I think I hear the bell for time out, so eveyone take a chill pill and go fishn I know they are here *cause as I hit enter I am going after some Flatties*

Chill or the thread gets put to sleepy time.


----------



## Mark G (Nov 15, 2004)

Sorry I had to resort to an analogy near and dear to your heart- but at least you seem to have gotten the point- BTW - putting the term "legally" in quotation marks is what a writer often does when they want to challenge the validity of the use of the word- meaning I also question the "legality" of the whole affair.

Keep in mind- your just as entitled to an opinion on the legality of that issue as another individual is over what they considered a breach of ethics- you can't hide the behind the law when it suits the purpose of telling others to butt out, and then "dis" the law when you don't like it to serve your own agenda. 

Personally I don't think anyone was questioning your ethics- but if you want to run off in a huff over a silly debate- your certainly entitled to that option.







JAM said:


> and since "They" the legal system have closed off beach access "LEGALLY" ya all don't have the right to question whether IT'S RIGHT OR NOT........so nosy people don't question the law- just MYOB
> 
> 
> Back room deal with a bought off Judge... No economic impact study.. No NEPA... No public comment.... Yeah thats legal...
> ...


----------



## Mark G (Nov 15, 2004)

Shooter said:


> I think I hear the bell for time out, so eveyone take a chill pill and go fishn I know they are here *cause as I hit enter I am going after some Flatties*
> 
> Chill or the thread gets put to sleepy time.



Sorry Shooter- I was hitting the enter button as your post came up- feel free to delete my post if you wish.

Your right- best to let this one go.


----------



## Hannibal (Aug 10, 2007)

I can't believe some of the responses here. You'd figure that being a fishing based site, ethics would be of the utmost concern and consideration. I am ashamed to find out that many here share the same philosphies of fishing as those who don't have our commitment to this sport and to the fish were target.

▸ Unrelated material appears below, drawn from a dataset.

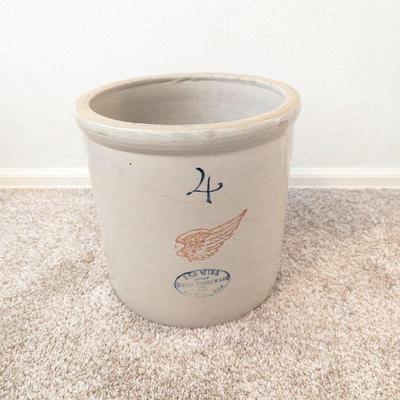 Lot #197 - Vintage Red Wing Union Stoneware Crock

This is a question about ETHICS. NOT what is legal vs illegal. There are lots of examples where things are both unethical and legal.

Hell, in the sister sport of hunting - you are allowed to take a shot that isn't a "good one". Maybe it's long range, maybe you don't have the best shot at the "kill zone" on a buck, etc. It's still legal to take the shot - but is it an ethical choice to do so? 

An avid hunter who is very concious of the SPORT won't take that shot. It's too risky. It just wouldn't be ethical.

Simply put, in both case - legal doens't necessarly mean "right." You can do whatever you want as long as you are legal - doesn't mean I won't think of you as an asshole though.

PS - I bet you guys are the type of people who sue others for 5mph fender benders just because you can get a quick settlement aren't you? Please, don't take offense - it's completel legal to do so ....................


----------



## AL_N_VB (Apr 3, 2002)

Wow....call me unethical, selfish, an FHB..I guess....I'll fill a cooler full of spot and sea mullets when I have an opprotunity and I am targeting them to eat....
Fish I catch will be eaten and possibly shared with family.

I have also been know to throw back fish that is not more than 1 inch over the mandatory size-limit or I will not eat.

Folks, the bottom line is it is our responsibilty as stewards of the sea to police ourselves. Think it's what my parents called integrity.

I am not always the sharpest pencil in the bunch, but I know that the only thing ya truley own and have to respect is your family name.
Tarnish the only thing ya own, and ya ain't got nothing!


----------



## Hannibal (Aug 10, 2007)

Nserch4Drum said:


> Wow....call me unethical, selfish, an FHB..I guess....I'll fill a cooler full of spot and sea mullets when I have an opprotunity and I am targeting them to eat....
> Fish I catch will be eaten and possibly shared with family.


Maybe you've mispoken or I've misunderstood you - but catching a cooler full of fish to eat and/or share with the family isn't unethical or selfish ....... it's a good day of fishing with a reward to show for it.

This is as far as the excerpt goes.